Work instructions.
When the line containing "Hostal Lis Севилья Экстерьер фото" appears in the listing below, set it down along with each later line through the end, exactly as written, and nothing before it.

Records.
-- Opening Marker --

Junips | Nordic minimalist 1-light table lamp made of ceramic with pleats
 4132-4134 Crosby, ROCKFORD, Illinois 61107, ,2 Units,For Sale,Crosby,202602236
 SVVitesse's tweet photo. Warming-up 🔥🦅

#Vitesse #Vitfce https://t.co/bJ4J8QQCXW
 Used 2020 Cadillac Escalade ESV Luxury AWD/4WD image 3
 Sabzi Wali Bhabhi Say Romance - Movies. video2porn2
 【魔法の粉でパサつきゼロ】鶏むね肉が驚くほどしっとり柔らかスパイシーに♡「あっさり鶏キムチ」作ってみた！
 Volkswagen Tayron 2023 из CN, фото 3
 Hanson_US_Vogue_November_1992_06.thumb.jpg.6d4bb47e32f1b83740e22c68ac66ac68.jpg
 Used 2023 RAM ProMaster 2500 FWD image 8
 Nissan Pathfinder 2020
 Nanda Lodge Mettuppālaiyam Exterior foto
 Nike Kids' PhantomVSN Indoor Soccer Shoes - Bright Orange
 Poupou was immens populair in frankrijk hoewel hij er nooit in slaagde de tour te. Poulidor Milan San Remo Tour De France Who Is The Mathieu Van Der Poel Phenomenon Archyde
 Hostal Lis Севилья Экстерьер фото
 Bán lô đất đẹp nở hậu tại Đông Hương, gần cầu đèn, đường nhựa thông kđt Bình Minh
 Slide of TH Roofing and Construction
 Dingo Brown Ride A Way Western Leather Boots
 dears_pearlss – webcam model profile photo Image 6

-- Closing Marker --

Your solution.
 Hostal Lis Севилья Экстерьер фото
 Bán lô đất đẹp nở hậu tại Đông Hương, gần cầu đèn, đường nhựa thông kđt Bình Minh
 Slide of TH Roofing and Construction
 Dingo Brown Ride A Way Western Leather Boots
 dears_pearlss – webcam model profile photo Image 6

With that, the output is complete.